Exercise objective:
The records follow. Print, word for word, the first line through the "Urban Outfitters Crop top" line.

Data provided:
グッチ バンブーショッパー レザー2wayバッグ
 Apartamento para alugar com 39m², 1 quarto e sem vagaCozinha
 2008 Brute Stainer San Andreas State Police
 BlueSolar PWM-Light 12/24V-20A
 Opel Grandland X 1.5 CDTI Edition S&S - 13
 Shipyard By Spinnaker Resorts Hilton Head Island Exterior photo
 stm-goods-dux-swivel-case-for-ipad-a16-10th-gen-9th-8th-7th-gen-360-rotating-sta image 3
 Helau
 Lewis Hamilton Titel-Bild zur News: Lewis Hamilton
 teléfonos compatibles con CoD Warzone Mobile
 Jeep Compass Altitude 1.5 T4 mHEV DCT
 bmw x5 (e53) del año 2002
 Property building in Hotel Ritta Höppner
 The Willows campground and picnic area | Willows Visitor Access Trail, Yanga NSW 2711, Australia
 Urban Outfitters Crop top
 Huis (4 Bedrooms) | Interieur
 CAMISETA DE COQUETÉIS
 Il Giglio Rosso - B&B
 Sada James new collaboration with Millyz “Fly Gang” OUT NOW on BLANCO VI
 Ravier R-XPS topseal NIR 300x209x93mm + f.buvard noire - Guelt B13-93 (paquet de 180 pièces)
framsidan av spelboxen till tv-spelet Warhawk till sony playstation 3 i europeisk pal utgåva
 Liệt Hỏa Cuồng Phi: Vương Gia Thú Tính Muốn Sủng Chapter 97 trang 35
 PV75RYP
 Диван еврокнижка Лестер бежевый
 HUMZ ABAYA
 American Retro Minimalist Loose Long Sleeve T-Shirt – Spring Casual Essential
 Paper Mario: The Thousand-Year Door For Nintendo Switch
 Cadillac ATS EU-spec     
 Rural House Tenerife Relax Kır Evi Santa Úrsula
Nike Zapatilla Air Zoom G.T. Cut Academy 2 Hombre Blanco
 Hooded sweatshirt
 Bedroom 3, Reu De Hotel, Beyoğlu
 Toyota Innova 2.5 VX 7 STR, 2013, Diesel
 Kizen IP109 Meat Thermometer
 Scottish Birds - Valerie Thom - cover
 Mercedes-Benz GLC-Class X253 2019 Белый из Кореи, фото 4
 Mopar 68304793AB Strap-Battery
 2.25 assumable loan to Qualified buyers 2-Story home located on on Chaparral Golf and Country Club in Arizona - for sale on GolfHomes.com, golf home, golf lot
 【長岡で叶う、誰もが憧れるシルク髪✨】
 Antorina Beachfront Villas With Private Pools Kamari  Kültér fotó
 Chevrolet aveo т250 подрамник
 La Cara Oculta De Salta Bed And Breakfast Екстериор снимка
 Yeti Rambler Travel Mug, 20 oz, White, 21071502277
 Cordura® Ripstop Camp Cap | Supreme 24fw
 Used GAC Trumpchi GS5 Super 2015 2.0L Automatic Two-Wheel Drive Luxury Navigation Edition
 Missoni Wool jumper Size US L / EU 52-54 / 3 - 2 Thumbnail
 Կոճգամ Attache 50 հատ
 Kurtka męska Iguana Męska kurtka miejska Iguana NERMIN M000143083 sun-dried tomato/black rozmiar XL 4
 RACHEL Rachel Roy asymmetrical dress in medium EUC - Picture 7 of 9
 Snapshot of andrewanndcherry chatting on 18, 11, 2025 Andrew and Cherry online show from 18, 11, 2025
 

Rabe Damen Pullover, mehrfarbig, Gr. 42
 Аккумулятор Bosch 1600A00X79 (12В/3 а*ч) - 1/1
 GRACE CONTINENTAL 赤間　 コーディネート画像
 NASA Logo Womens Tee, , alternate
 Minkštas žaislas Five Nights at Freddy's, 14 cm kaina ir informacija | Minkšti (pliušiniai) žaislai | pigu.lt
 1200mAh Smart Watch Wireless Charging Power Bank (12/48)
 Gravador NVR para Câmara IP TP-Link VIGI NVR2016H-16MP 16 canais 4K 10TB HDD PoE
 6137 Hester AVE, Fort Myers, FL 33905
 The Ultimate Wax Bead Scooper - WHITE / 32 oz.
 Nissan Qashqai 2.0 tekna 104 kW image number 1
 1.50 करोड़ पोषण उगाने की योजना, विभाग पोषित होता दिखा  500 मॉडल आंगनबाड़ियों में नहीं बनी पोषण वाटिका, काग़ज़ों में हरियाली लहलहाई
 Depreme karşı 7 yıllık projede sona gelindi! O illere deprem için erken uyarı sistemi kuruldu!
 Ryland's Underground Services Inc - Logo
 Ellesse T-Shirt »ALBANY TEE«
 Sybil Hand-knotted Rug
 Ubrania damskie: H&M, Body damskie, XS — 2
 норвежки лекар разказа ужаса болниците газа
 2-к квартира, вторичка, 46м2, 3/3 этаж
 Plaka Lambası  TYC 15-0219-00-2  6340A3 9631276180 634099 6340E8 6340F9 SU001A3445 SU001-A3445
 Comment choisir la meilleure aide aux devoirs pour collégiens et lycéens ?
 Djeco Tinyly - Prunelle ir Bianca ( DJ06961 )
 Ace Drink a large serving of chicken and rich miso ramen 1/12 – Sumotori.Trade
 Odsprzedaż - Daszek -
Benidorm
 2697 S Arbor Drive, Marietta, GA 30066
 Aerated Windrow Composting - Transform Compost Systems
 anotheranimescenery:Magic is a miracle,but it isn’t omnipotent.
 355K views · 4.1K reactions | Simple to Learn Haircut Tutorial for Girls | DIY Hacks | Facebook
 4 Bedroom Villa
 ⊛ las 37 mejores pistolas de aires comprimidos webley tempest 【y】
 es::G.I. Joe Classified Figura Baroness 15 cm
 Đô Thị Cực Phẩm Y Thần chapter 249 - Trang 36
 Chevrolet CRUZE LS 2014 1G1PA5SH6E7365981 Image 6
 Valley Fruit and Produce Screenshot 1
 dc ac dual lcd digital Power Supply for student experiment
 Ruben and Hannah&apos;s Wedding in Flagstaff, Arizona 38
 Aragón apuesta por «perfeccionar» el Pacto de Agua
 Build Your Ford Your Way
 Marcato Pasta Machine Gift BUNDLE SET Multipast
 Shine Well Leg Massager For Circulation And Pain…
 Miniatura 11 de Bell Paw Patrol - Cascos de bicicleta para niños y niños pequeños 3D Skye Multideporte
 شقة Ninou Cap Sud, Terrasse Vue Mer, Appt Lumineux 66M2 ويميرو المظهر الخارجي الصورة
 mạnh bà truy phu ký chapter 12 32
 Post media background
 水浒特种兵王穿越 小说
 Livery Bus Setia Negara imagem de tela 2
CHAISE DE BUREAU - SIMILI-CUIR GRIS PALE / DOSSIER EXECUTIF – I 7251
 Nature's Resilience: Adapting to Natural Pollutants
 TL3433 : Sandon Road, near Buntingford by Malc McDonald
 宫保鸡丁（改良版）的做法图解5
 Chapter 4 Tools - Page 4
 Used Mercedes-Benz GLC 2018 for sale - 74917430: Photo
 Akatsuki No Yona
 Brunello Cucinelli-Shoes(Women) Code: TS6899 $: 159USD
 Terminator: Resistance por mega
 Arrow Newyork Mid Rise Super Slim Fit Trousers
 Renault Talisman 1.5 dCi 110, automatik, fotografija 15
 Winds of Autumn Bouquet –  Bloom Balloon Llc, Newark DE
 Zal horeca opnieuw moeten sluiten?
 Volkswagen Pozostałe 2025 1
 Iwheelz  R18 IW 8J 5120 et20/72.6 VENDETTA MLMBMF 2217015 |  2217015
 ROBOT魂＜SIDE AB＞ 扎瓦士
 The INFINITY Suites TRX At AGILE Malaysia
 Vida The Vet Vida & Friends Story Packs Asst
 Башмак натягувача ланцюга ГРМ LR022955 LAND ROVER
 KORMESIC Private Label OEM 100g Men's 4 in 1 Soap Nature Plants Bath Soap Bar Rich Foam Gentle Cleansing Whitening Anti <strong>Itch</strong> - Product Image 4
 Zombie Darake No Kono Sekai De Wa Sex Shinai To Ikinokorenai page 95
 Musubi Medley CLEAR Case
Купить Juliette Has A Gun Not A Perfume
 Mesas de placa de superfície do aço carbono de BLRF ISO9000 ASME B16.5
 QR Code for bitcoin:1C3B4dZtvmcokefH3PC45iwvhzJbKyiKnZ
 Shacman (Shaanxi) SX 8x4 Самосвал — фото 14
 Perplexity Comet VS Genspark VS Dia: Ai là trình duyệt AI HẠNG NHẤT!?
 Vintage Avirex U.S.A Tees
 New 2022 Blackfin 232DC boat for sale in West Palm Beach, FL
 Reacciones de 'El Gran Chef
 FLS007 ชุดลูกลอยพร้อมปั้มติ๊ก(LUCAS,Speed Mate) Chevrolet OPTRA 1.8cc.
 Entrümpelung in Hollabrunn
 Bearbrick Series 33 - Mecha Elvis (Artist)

Answer to this task:
グッチ バンブーショッパー レザー2wayバッグ
 Apartamento para alugar com 39m², 1 quarto e sem vagaCozinha
 2008 Brute Stainer San Andreas State Police
 BlueSolar PWM-Light 12/24V-20A
 Opel Grandland X 1.5 CDTI Edition S&S - 13
 Shipyard By Spinnaker Resorts Hilton Head Island Exterior photo
 stm-goods-dux-swivel-case-for-ipad-a16-10th-gen-9th-8th-7th-gen-360-rotating-sta image 3
 Helau
 Lewis Hamilton Titel-Bild zur News: Lewis Hamilton
 teléfonos compatibles con CoD Warzone Mobile
 Jeep Compass Altitude 1.5 T4 mHEV DCT
 bmw x5 (e53) del año 2002
 Property building in Hotel Ritta Höppner
 The Willows campground and picnic area | Willows Visitor Access Trail, Yanga NSW 2711, Australia
 Urban Outfitters Crop top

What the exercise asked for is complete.